DATASET SECTION =

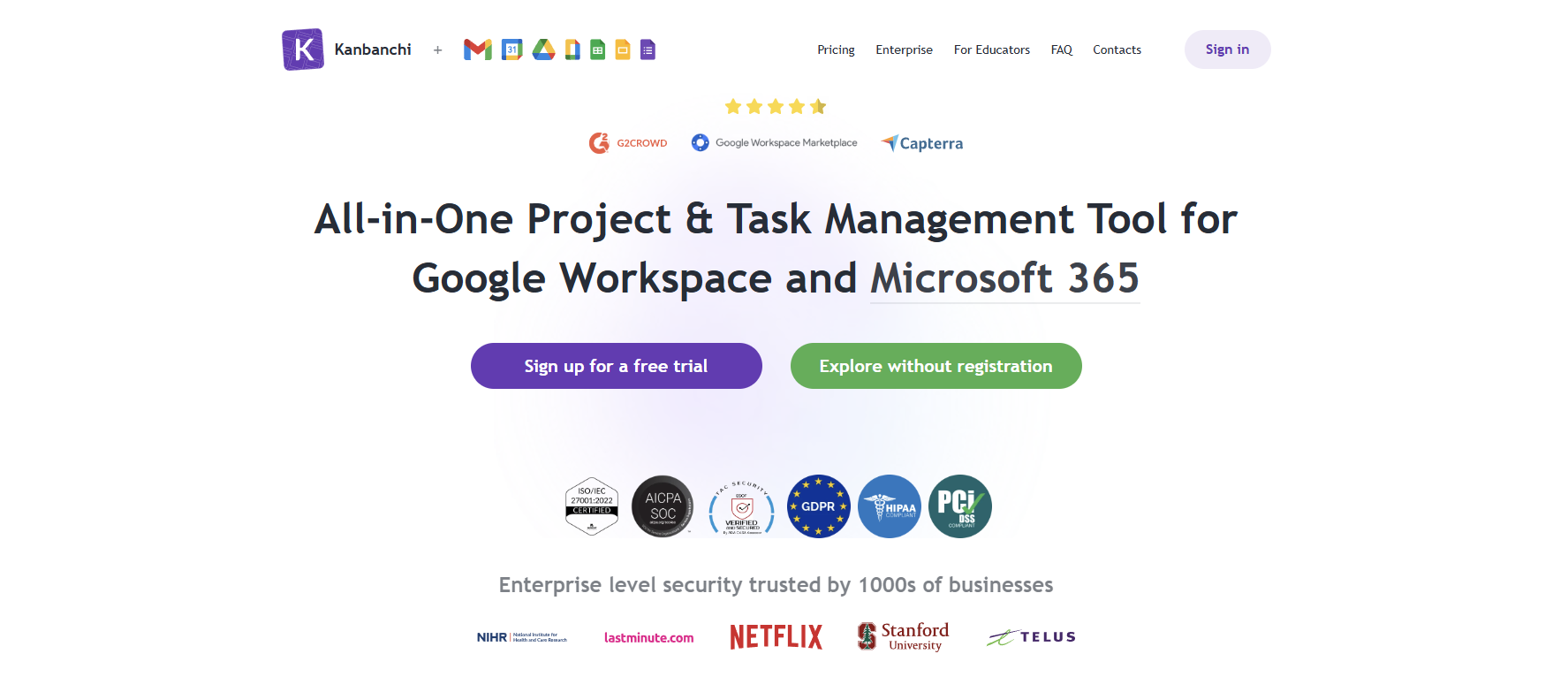 A screenshot of the Kanbanchi website homepage featuring the main headline "All-in-One Project & Task Management Tool for Google Workspace and Microsoft 365" above security compliance badges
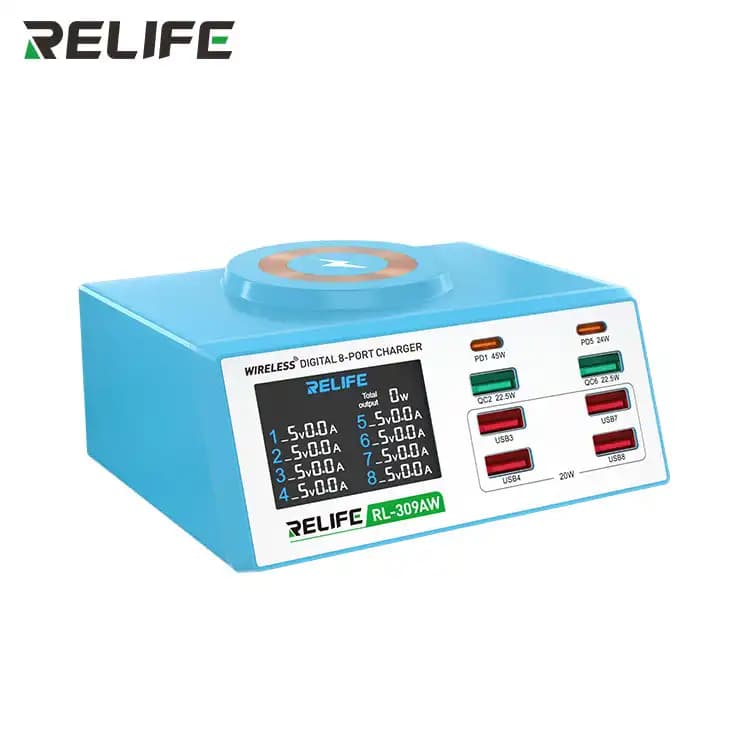 RELIFE RL-309AW wireless digital display 8-port charger 100W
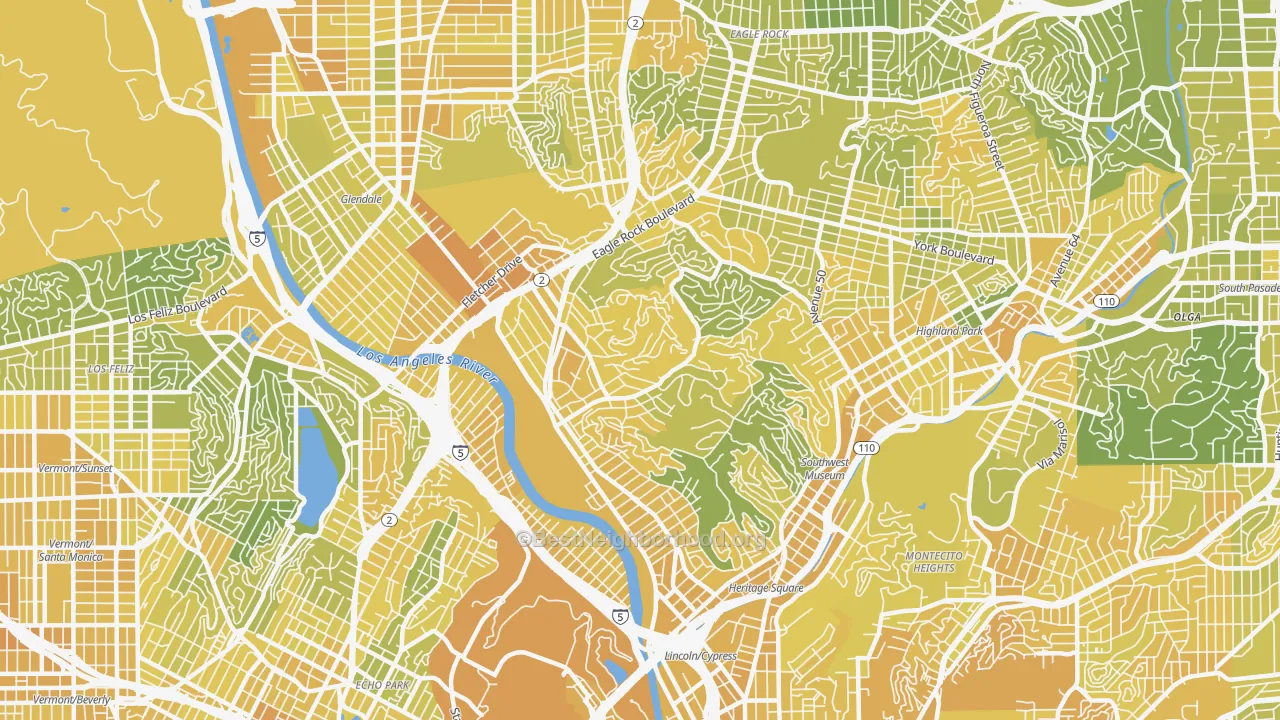 Map of the best neighborhoods in the 90065 area, with better matches in green and worse matches in red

TASK BRIEF = An exact restatement is expected of the lines from the line containing "RELIFE RL-309AW wireless" to the end of the data above, pictures excluded.

EXERCISE RESULT =
 RELIFE RL-309AW wireless digital display 8-port charger 100W
 Map of the best neighborhoods in the 90065 area, with better matches in green and worse matches in red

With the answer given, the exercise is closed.